RSS

Tag Archives: mental health

Please Don’t “Church” My Mental Health

Please Don't Church My Mental HealthThis title (and topic) has been floating around in my head and heart for quite some time now. Recently, I went to a Stephen Ministries conference where I learned quite a bit about the ministry end of this equation. But let me tell you: I’ve been on the other end too many times to count.

Today, I want to focus on that part of the story. If what I describe in this article has been a way you have personally interacted with someone, please know there is a learning curve. I have a lot of grace for that. I am not writing this to cause any shame.

But I have spent so much of my time, passion, and advocacy on the intersection of faith and mental health, that I can’t sit still and be silent. In fact, my small publishing house, Ground Truth Press, is due to put out a fascinating and very thorough book on this subject in a few months. I am so proud of the author who took the time to try to explain both “subcultures” (for lack of a better word) and why they do not need to remain polarized. She has taken great care to educate both camps on the other’s perspective/viewpoint.

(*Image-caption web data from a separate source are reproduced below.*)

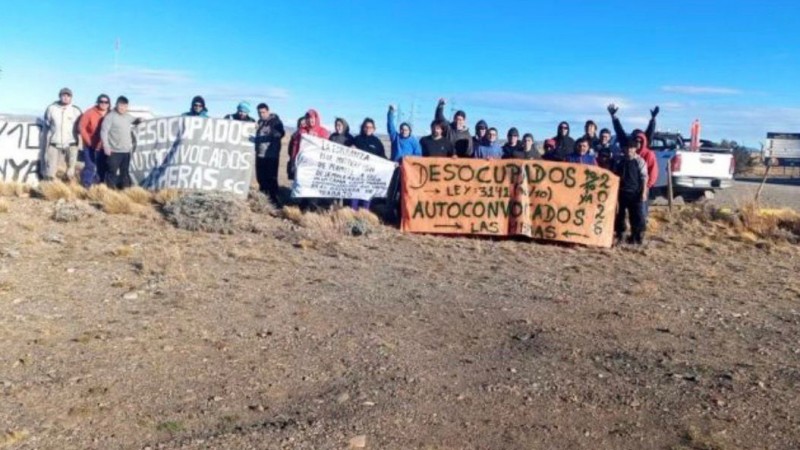 Desocupados de Las Heras reclamaron trabajo y controles sobre el 90/10 minero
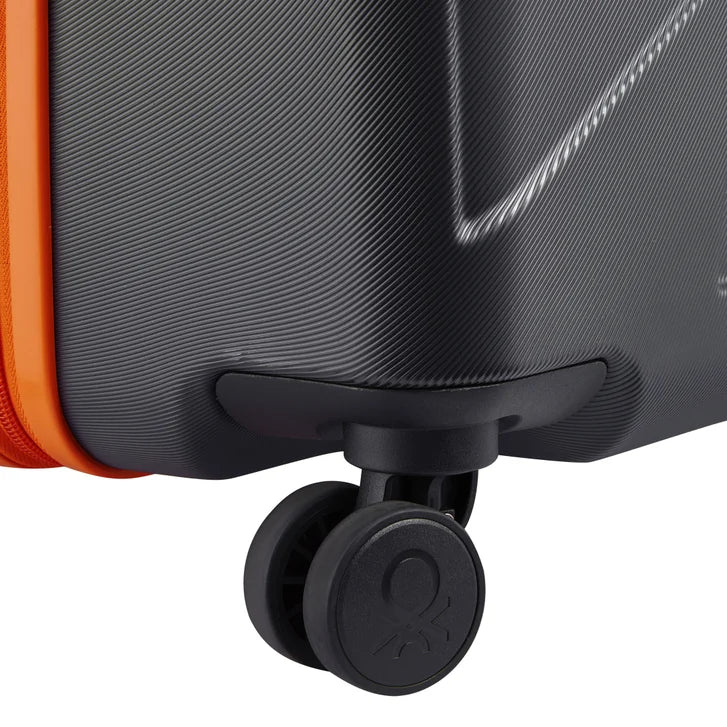 United Colors of Benetton X Delsey Paris Fabrica Hardside Large Check-in Spinner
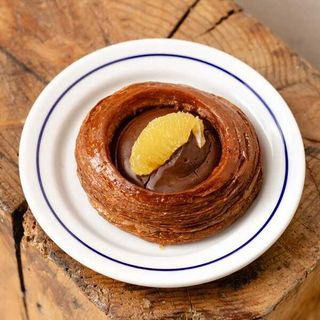 Tarte flan de chocolate e laranja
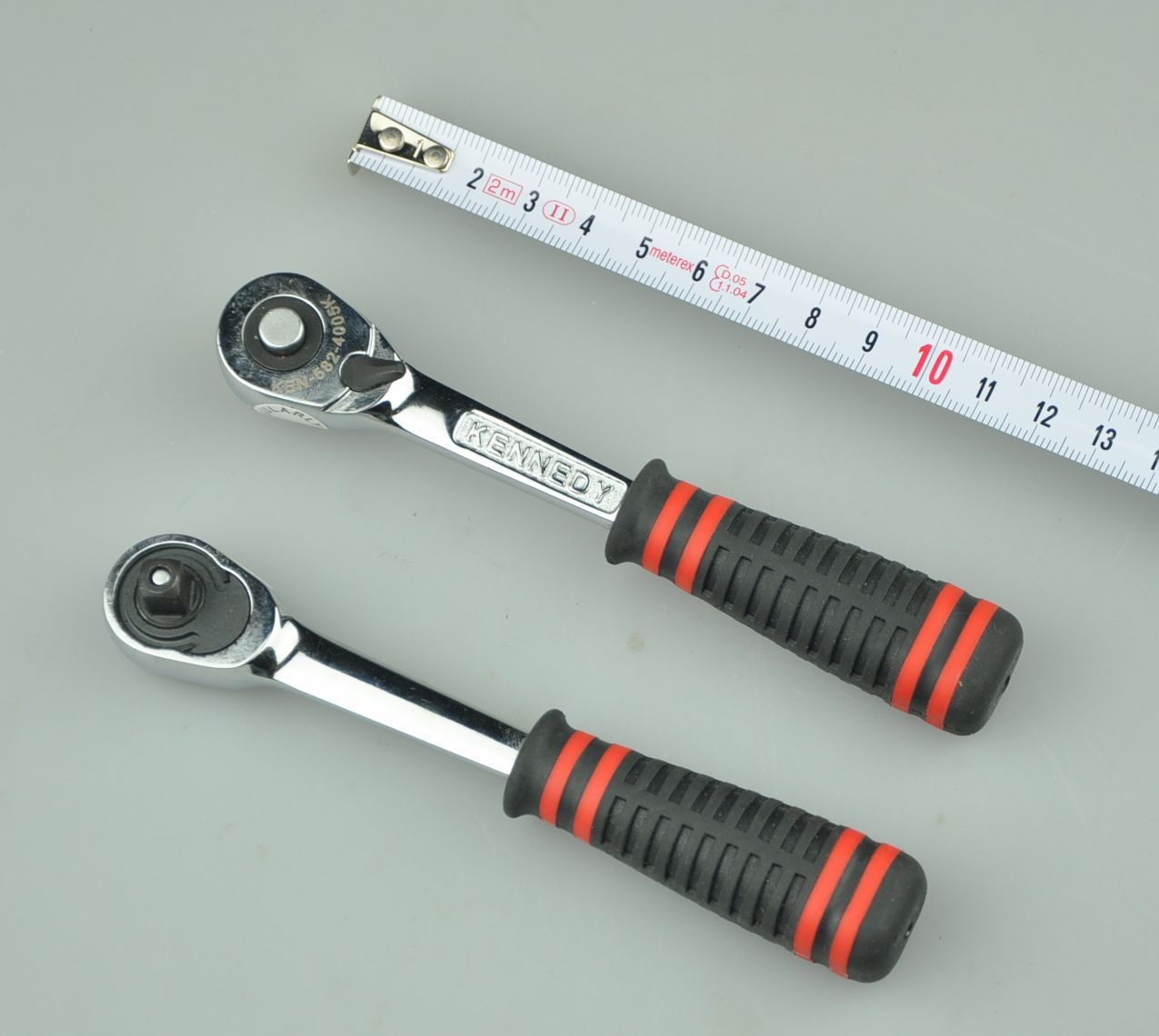British KENNEDY72 tooth professional grade reversible rubber handle ratchet wrench KEN-582-4005K Cromwell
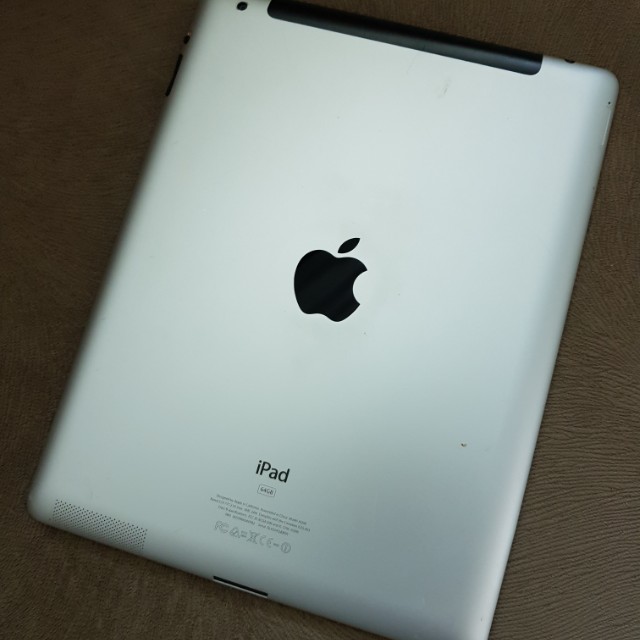 Ipad 2 (Category: iPad) located in Kuala Lumpur. Submitted by jassmiyusoff (Listing ID 131433968, Image 2). Description: WiFi and simcard..64GB. Still in good condition..call jasmi Yusoff @ 0129866769.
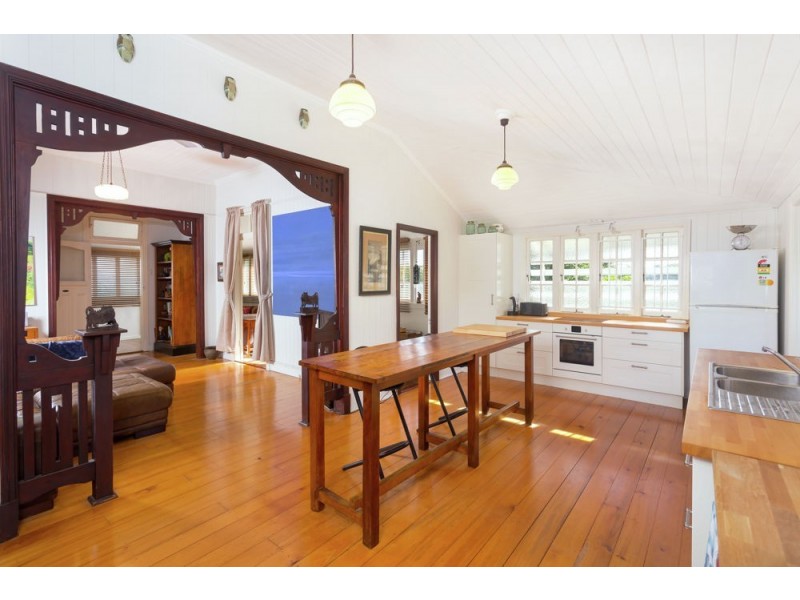 2 Pauline Street, Tarragindi QLD 4121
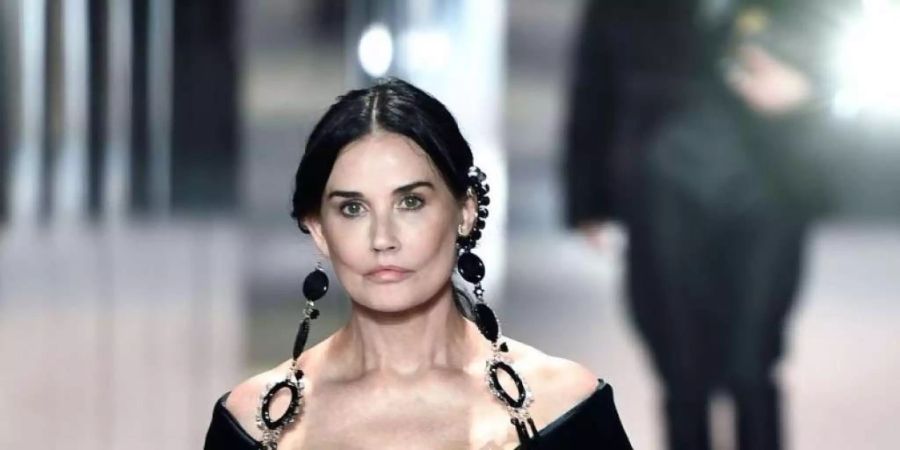 Schon im Februar 2021 sorgte Schauspielerin Demi Moore bei der Eröffnung der Fendi-Show an der Pariser Fashion Week für Getuschel.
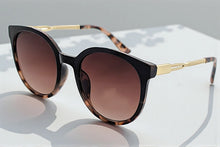 Load image into Gallery viewer, Robyn Sunglasses - 2 colours
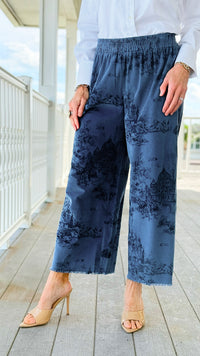 Scenic Story Wide Leg Pants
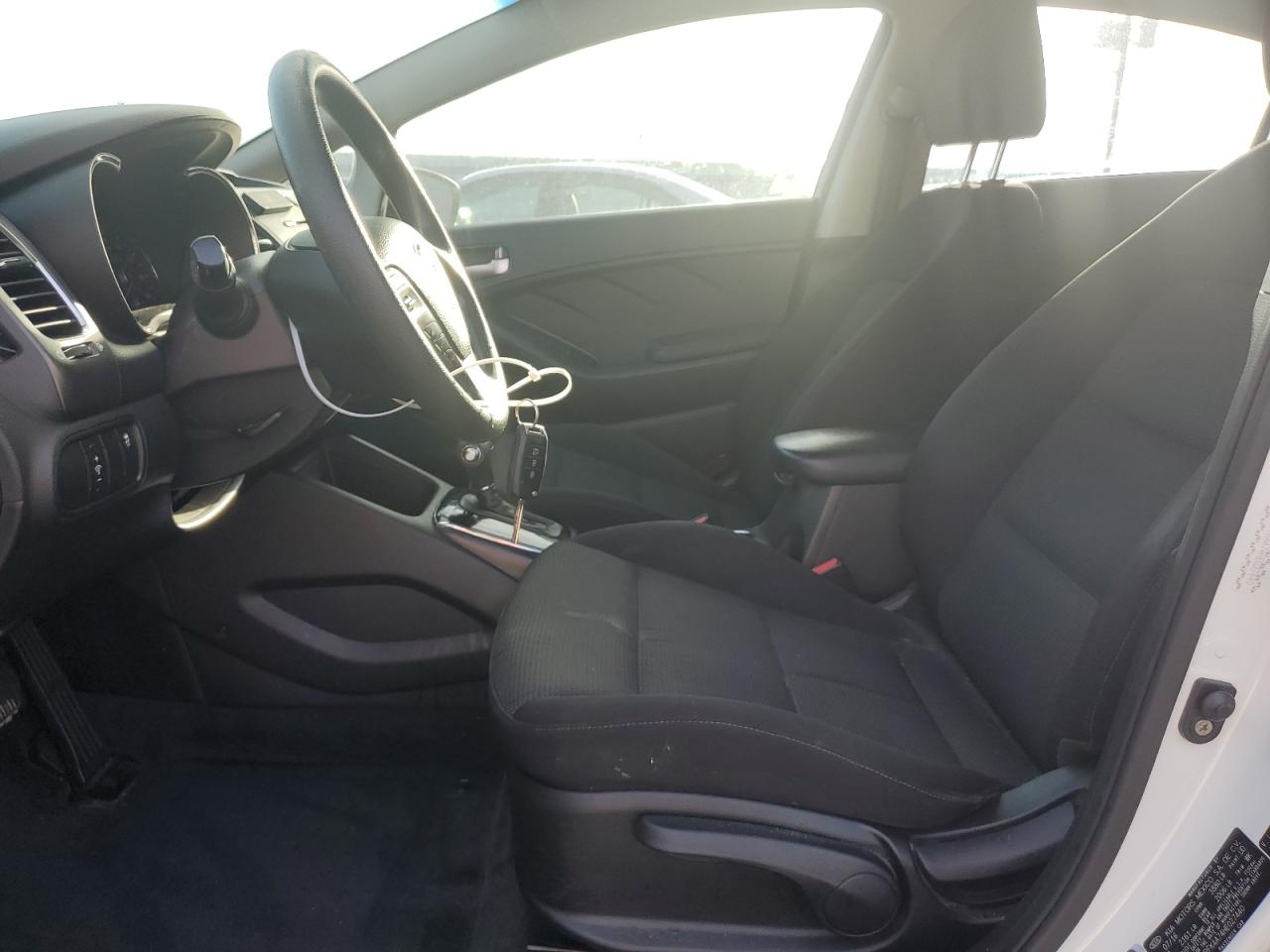 2017 Kia Forte Lx VIN: 3KPFK4A74HE027440 Lot: 85563785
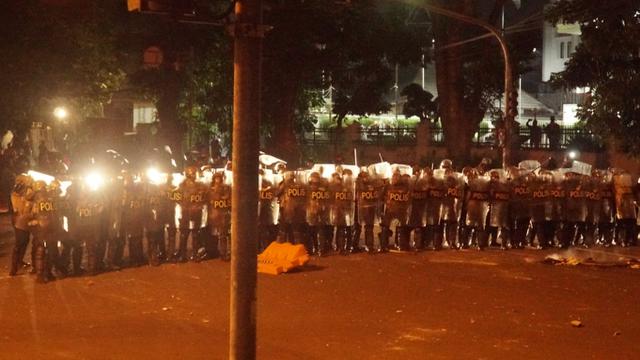 Demo Di Dprd Jabar Ricuh Polisi Bukan Mahasiswa Dan Buruh Regional Liputan6 Com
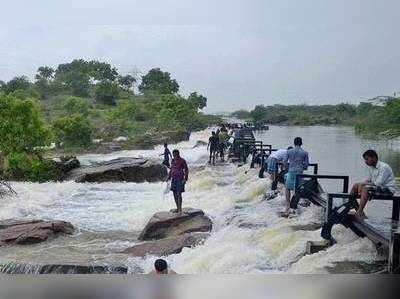 காஞ்சிபுரம் மாவட்டத்தில் 170 ஏாிகள் நிரம்பின - பொதுப்பணித்துறை அதிகாாி தகவல்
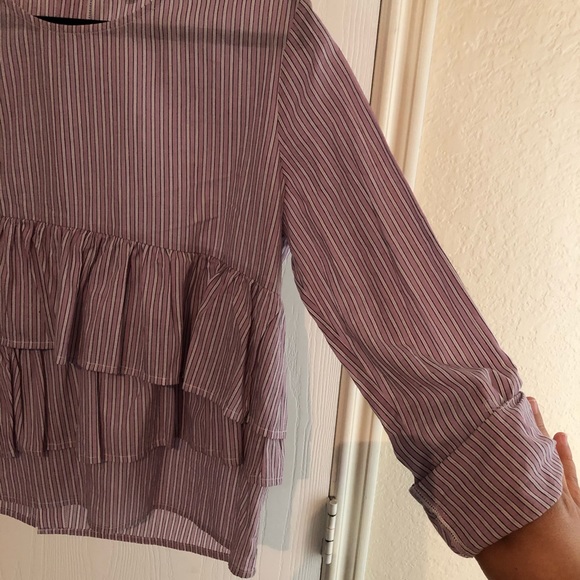 🛍 [LeLis] Ruffle Front Blouse - Picture 4 of 9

Today’s words are my own, but when she approached me about publishing her manuscript, my soul screamed: YES!

Too much pain, too many misunderstandings, so much disillusionment on the topic of mental health, and I’m sorry, fellow Christians, but I’m referencing the inside of the church.

I’m so pleased to be part of a church body that is very committed to educating its members on mental health inclusion and ministry, but that has not always been the case. I have attended churches with a mindset that was openly hostile toward those struggling with emotional and mental health. I’m sorry to say that in more than four decades of church life, in this arena specifically, I’ve found the most support in secular environments.

I believe this can change. I know it can. In fact, I think the current title of this article can one day change. “Church” as a verb can have a positive connotation. Ministry to this group of fellow sufferers (we all suffer with something, right?) can be righted within the church environment.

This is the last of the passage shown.